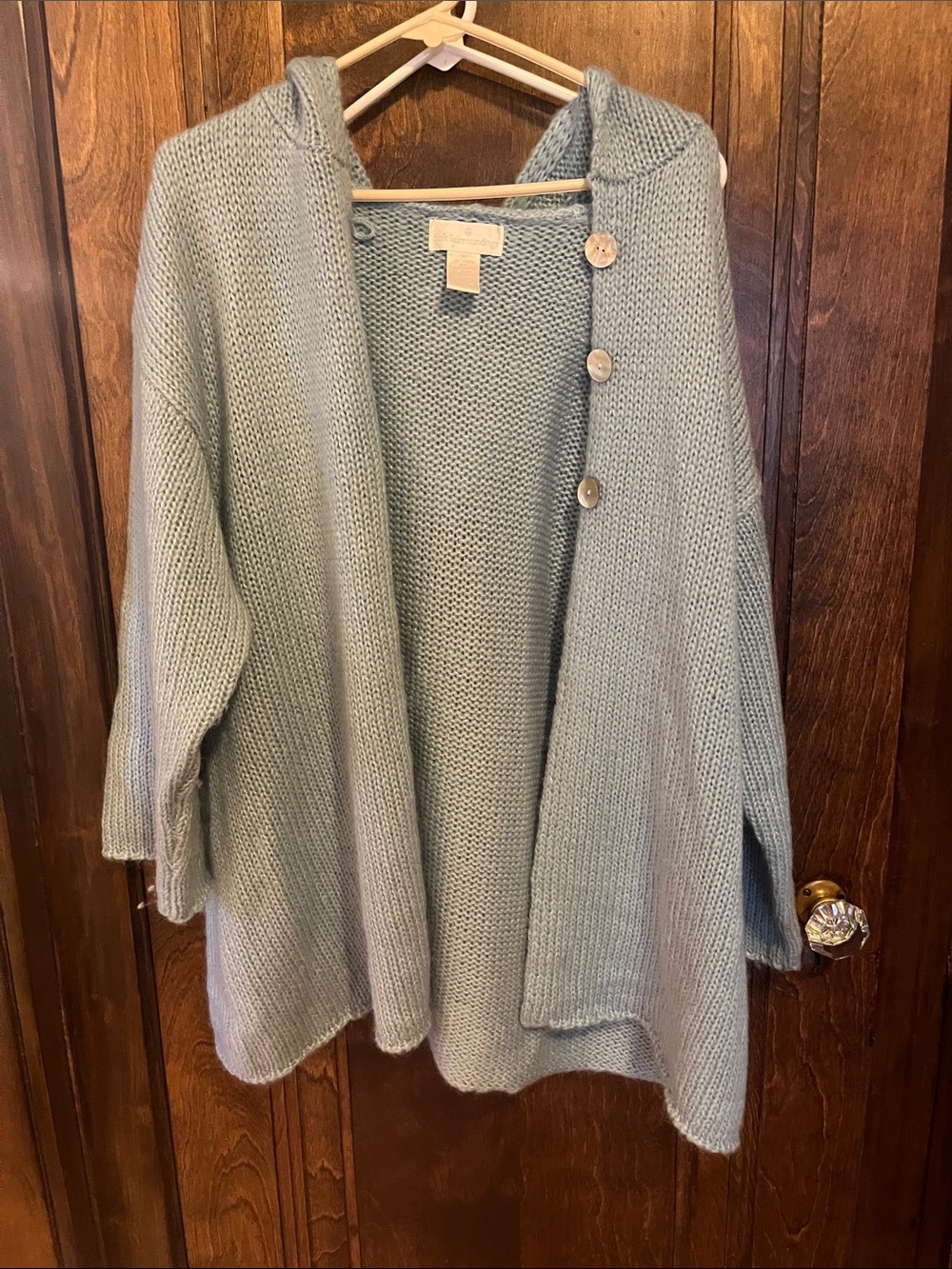 Anthropologie Cozy Light Blue Hooded Knit Cardigan Sweater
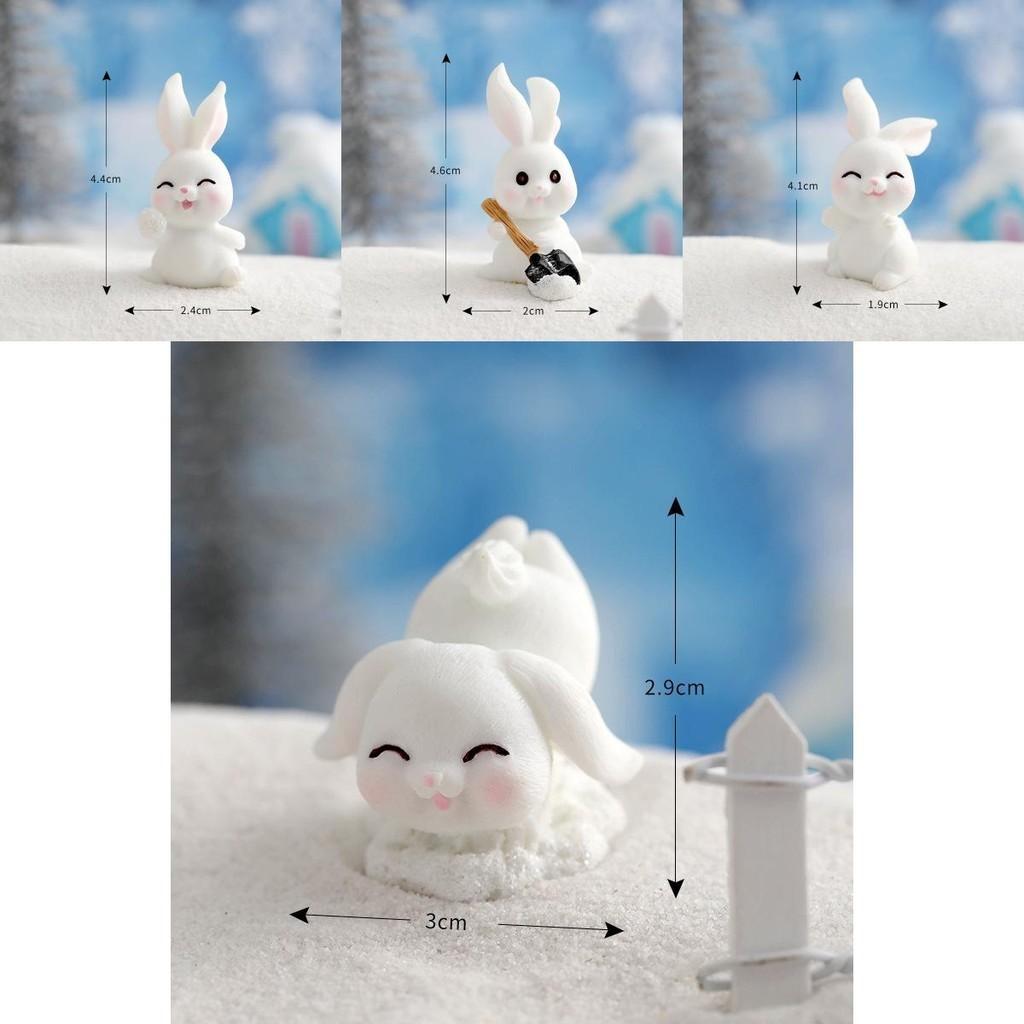 Delightful Resin Winter Snow Bunny Decor For Diy Miniature Wonderland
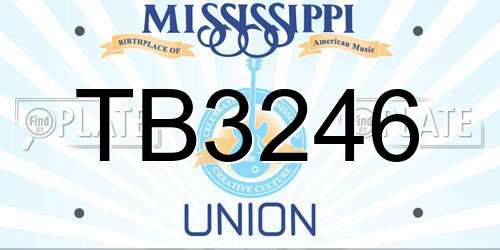 TB3246 Mississippi License Plate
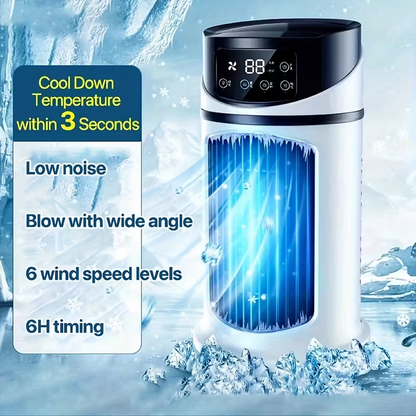 USB portable air conditioner humidifier - 6-speed adjustment, ultra-quiet 25 decibels, mini air conditioner for home, office and dormitory, 6-hour timer, festival gift, suitable for use in home, office and dormitory - Image 6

-*-*-

- [Exercise aim] Begin at the line containing "TB3246 Mississippi License Plate" and copy every line through the end of the data above exactly, omitting the pictures.

- [Exercise answer]
 TB3246 Mississippi License Plate
 USB portable air conditioner humidifier - 6-speed adjustment, ultra-quiet 25 decibels, mini air conditioner for home, office and dormitory, 6-hour timer, festival gift, suitable for use in home, office and dormitory - Image 6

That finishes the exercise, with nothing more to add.